New resources for health are being made available, drawing attention to who influences their use? To what extent will communities in low income countries influence new investments, particularly towards their health needs? How far will new spending be influenced by knowledge generated from within these countries? In a world of competing approaches, how accessible and prominent is local knowledge within policy forums?

There is cause for concern when evidence suggests that the problem of inequitable research funding is compounded by similar inequalities in the publication of research. A recent review of research publication by Smith Esseh (2007) of the “Strengthening African Research Culture and Capacities Project” found that dissemination of developing country research findings is declining. ‘Africa is the second-largest continent, and has over 900 million people, and therefore should be a world leader in global scholarship. In 1960-1979, scholarly publishing began to rise in Africa, a result of gains in social and political independence. However, in 1980-1985 scholarly publishing plateaued. From 1986 to now, scholarly publishing in Africa has been declining steadily.’ (http://scholarlypublishing.blogspot.com/2007/07/strengthening-african-research-culture.html; http://ocs.sfu.ca/pkp2007/viewabstract.php?id=83). The inequalities are not only north-south: they also exist within Africa. Scholarly publishing in Africa was found to be concentrated in only seven countries, accounting for 75% of scholarly publishing in the continent, while the other forty-five countries account for only 25%.

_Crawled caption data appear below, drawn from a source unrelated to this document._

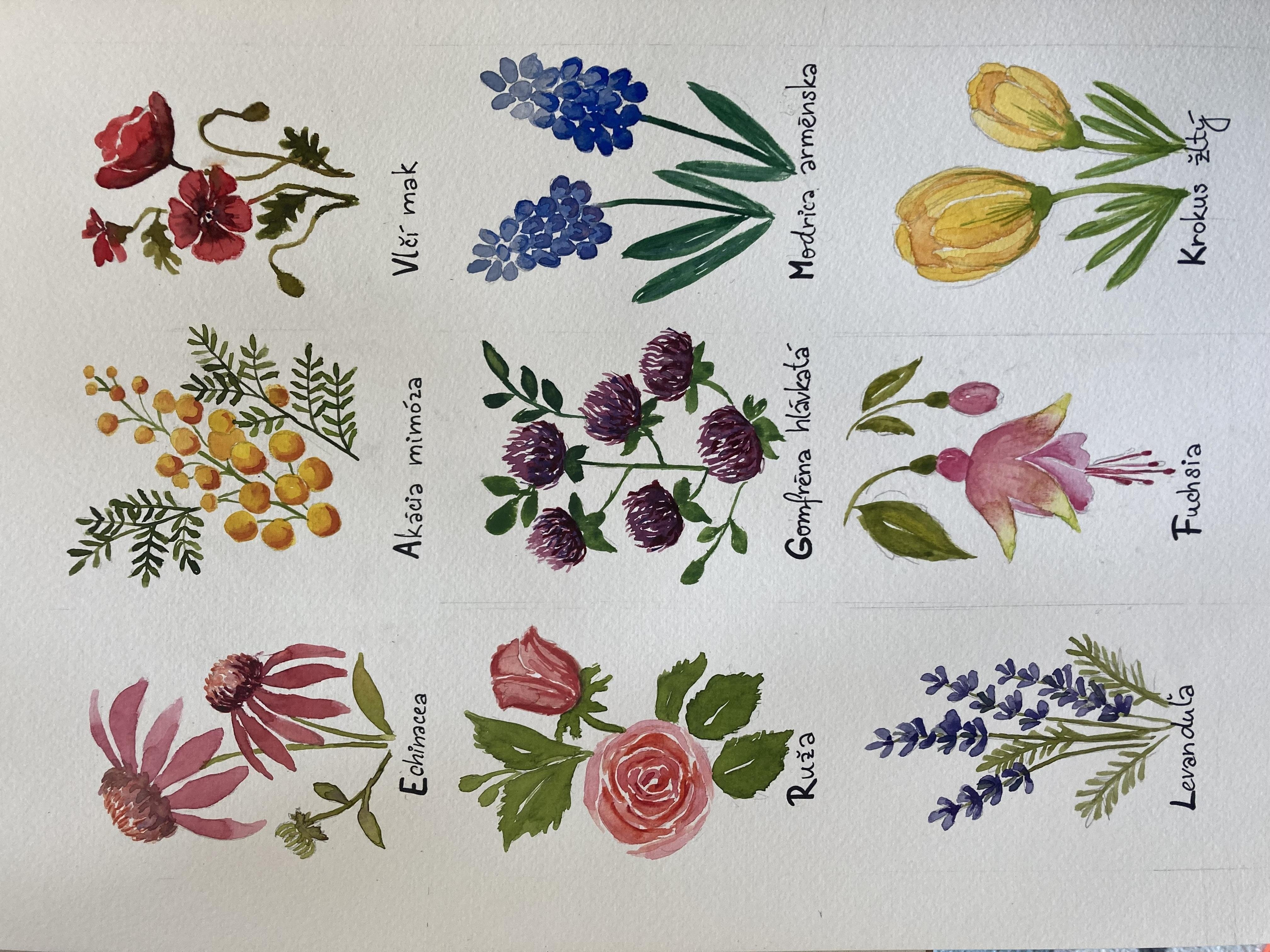 flowers - student project
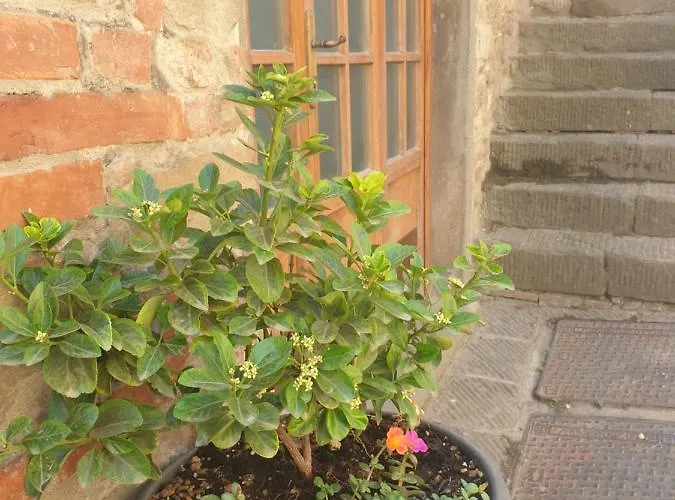 Helga's House- Finestra Sul Borgo 3* Ambra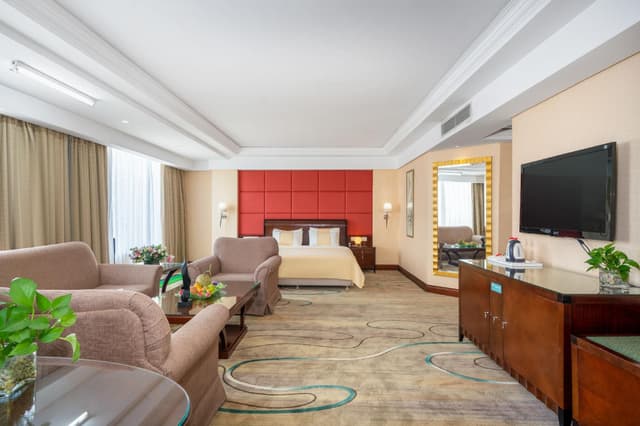 Business King Room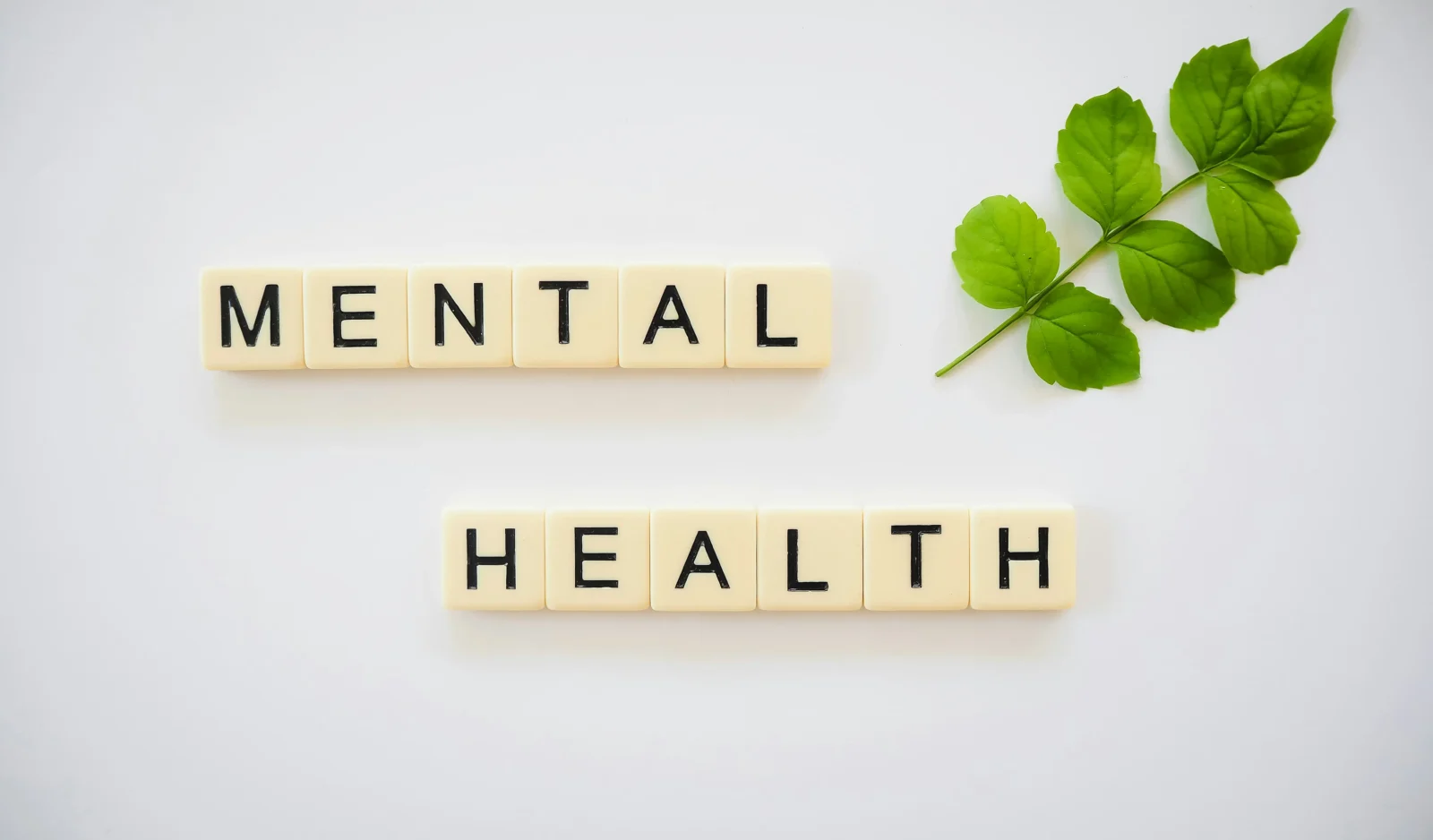 Why Mental Performance Matters in High-Pressure Design Professions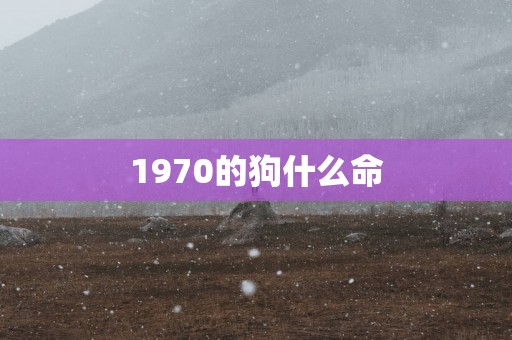 1970的狗什么命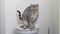 silver spotted bengal cat on a human toilet, close up pet litter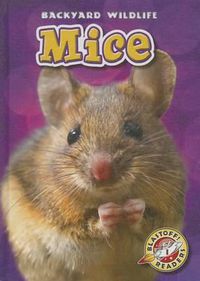 Cover image for Mice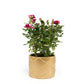 Rose 10.5cm GiGi in Festive Ceramic - Flowering The Horti House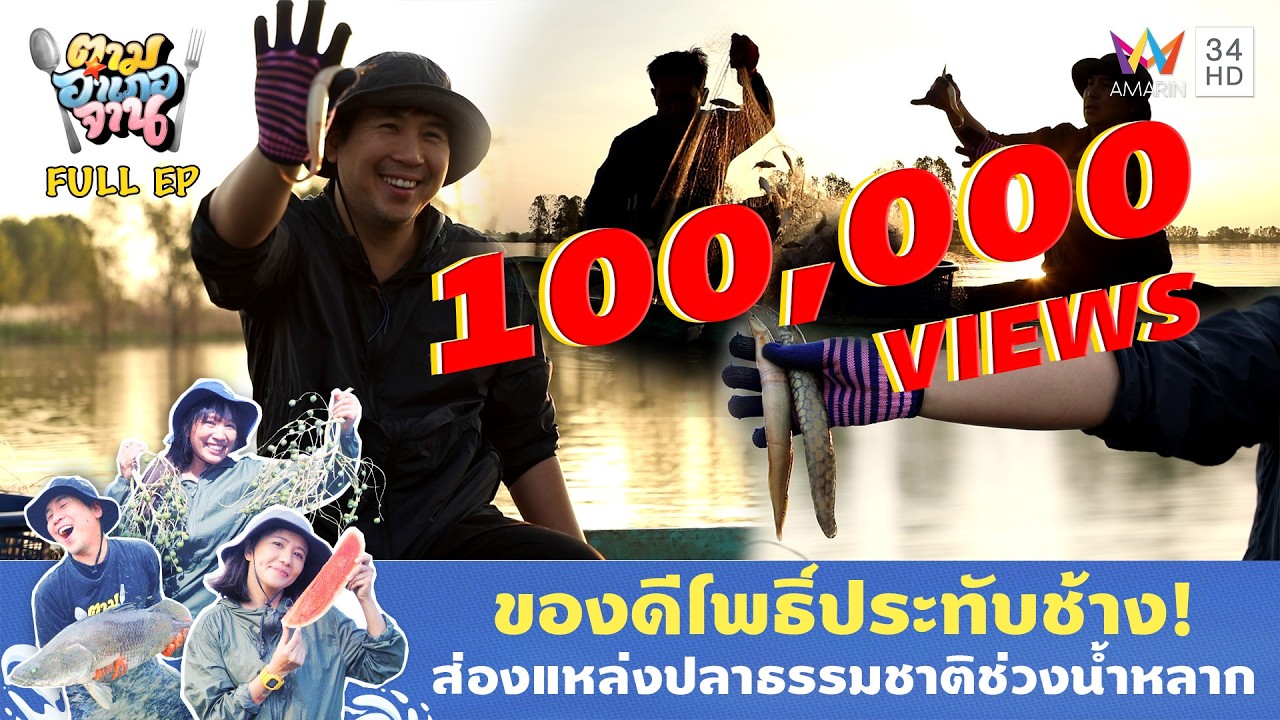 หาปลานาช่วงน้ำหลาก อ.โพธิ์ประทับช้าง จ.พิจิตร | ตามอำเภอจาน | 13 ม.ค. 69 Full EP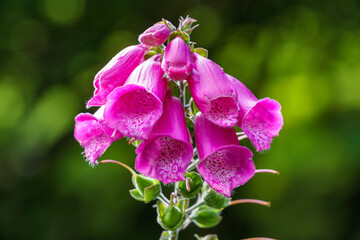 Pink foxglove wildflowers on the Isle of Skye, with background blur © Zach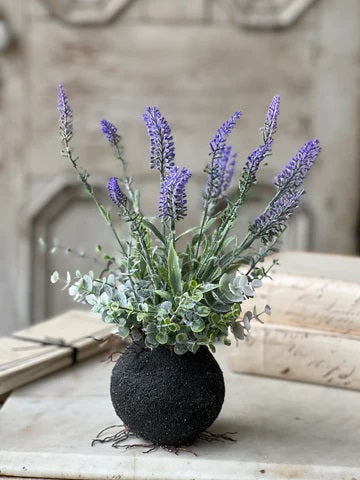 Rooted Wild Lavender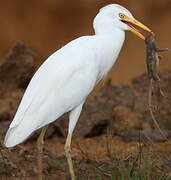 Western Cattle Egret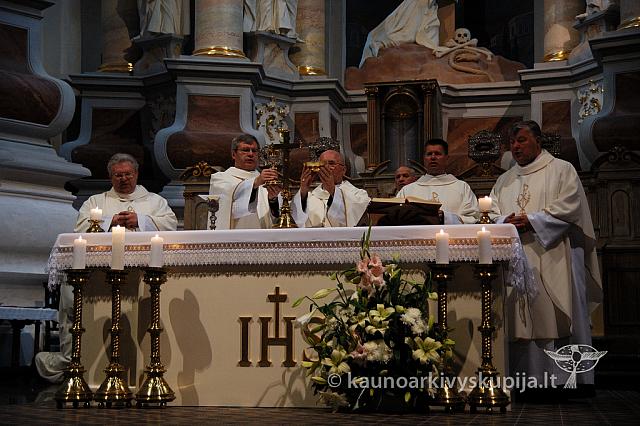 2009 devintines 8122 ak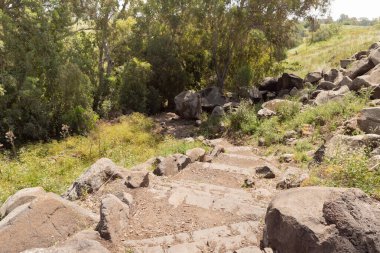 Kuzey İsrail 'deki Kuzey Celile' de bulunan El Al Ulusal Doğa Rezervi 'ndeki El Al deresine giden taş adımlar.
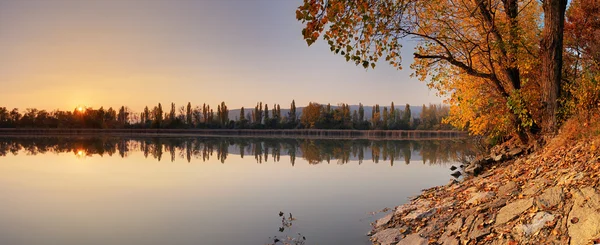 Lago no outono com árvore, Jursky Sur — Fotografia de Stock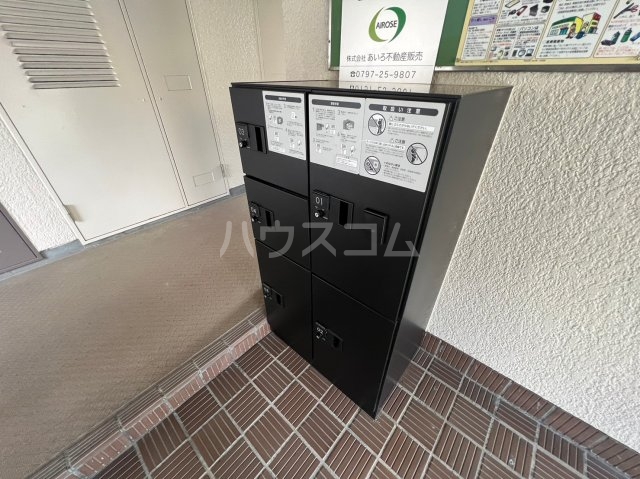 20/30 その他画像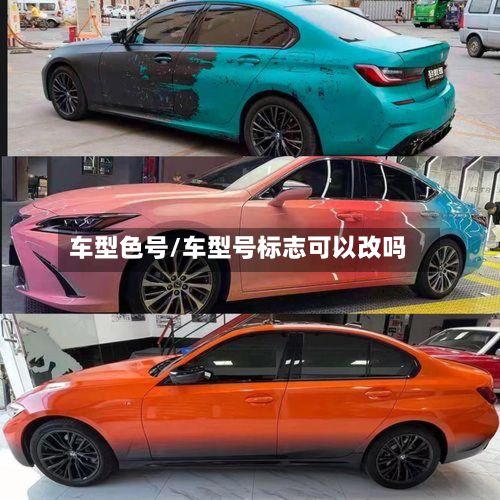 车型色号/车型号标志可以改吗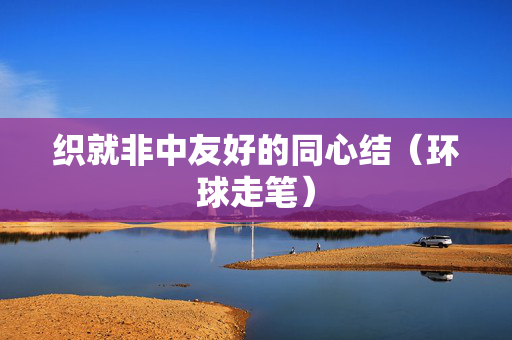 织就非中友好的同心结（环球走笔）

For east and southern Africa, it would be important to follow up whether such a finding also holds for scholarly publishing in health. Publication is vital for research findings to reach wider audiences, for peer review and to build an accessible body of local and regional knowledge to inform policy. The links are not always direct, but it is clear that unpublished work remains hidden from policy processes.

In his opening address to the 22nd Annual Joint Scientific Conference of the National Institute for Medical Research in Arusha, Tanzania on 7 March 2007, Tanzanian Minister for Health and Social Welfare David Mwakyusa described the problem: ‘Researchers must know that if they cannot efficiently and effectively deliver to the stakeholders their research findings, then they have failed to accomplish their mandate. In fact, un-disseminated research findings do not only become useless but also make for multiple losses to the nation; a waste of precious time, a loss of funds invested in the work and human power, a loss of productivity and a loss to people’s welfare.’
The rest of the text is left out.